Initially, as the group descends on the terrified Alan like a circling wolf-pack, there are a few moments of tacky melodrama, most notably when group members announce their spirit animals and chant “Thieves, whores, losers and f-cks!” a la the Wizard of Oz “Lions and Tigers and Bears.” Because the homeless experience itself is rife with tiresome repetition, and where it intersects with mental illness there’s bound to be melodrama…these antics earn a reluctant pass.
As Alan bridges the rift between everyday life and street subsistence (he still has some battery life left in his cell phone, he’s working his way through his last store-bought pack of cigarettes) we’re vicariously ushered to the other side by his new companions. In addition to hearing several real-life sob stories, we learn the ropes of living rough, including how many clothes to wear at once, how to store your stuff at the bowling alley, and what slogans draw the most cash when you “fly a sign” while panhandling. At the same time, we watch characters struggle to get along despite their daunting emotional baggage and crippling mistrust of the world and each other.
Rather than languishing in tragedy or bouncing wildly between moods, the play mercifully aligns its narrative themes with its evening-to-morning timeline: At dusk it’s confusing and foreboding, as the night wears on it becomes increasingly dark, and by sunrise the dialogue softens and brightens, offering a redemptive hint of hope.
Fertile Ground passholders, add Feral to your itinerary; and educators and social servants, put it on your radar as a worthwhile facilitator of tough discussions.
“RIBBONS OF WAR”
A lesbian love affair between a pirate and an aviatrix. Seafaring ballads. A turtledove puppet. Zombies. Animation. A mandolin, a uke, and a Kraken. Bursting with neo-romantic motifs, it’s no wonder this musical sprang from a 2007 indie album of the same name by Philadelphia’s The Extraordinaires. Talk about a at hipster’s wet dream! Not content to rack up subcultural brownie points, writer Andrew Fridae takes his seaworthy story the extra mile with a well-defined and engaging plot to contextualize the pleasing tunes.
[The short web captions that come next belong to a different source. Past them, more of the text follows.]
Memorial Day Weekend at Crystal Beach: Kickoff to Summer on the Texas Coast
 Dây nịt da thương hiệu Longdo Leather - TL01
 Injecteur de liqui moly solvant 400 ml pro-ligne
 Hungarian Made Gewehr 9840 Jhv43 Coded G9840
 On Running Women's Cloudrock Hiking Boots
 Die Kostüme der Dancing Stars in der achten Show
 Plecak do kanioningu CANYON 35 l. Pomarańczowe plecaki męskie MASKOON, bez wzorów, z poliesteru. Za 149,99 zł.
The only clue that young director Josh Gulotta’s fully staged and costumed version of “Ribbons of War” is currently at “workshop” status is—sadly—the singing performances. The most notable exception is aviatrix Annalies (Bahar Baharloo), whose crystalline, intimate voice recalls tones of rock-opera songwriter Anais Mitchell and undeniably carries the show. (Shockingly, Gulotta revealed during opening announcements that this romantic lead only clamored aboard three days before. What a life-saver!) Other standouts are tenor Darling (Leland Radburn), who sounds classically trained, and the shipmates, whose throats are salty-but-serviceable.
Otherwise, the tone of the singing is nasal, breath control falters, and notes frequently fall flat. These technical shortcomings are tough ones to “workshop” away, and it’s a shame considering that all cast members deliver well as actors, aptly riding the whirlwind of high-energy blocking and burning bright with the spirit of the show.
But in a town where even our karaoke scene is so well-peopled with vocal pros that it earns a nod from the New York Times, there’s no great excuse to cast fair-weather singers in a musical. Go to a karaoke bar on a Tuesday, fling a fork and you’ll hit a singing superstar. As Portland screenwriter Chuck Palahniuk famously observed, “We are the all-singing, all-dancing crap of the world!” Too true, and we should have seen more of that crap on this poop deck.
Though you don’t have to be a steam-punk renn-faire role-player to enjoy “Ribbons of War” in its current manifestation, you do have to be able to suck up some so-so vocals. For the many indie-pop fans who are fine with that, this show’s starry-eyed romance, playful ennui and surprising twists will bring pure delight.
“Ribbons of War” continues at Shaking the Tree through February 3.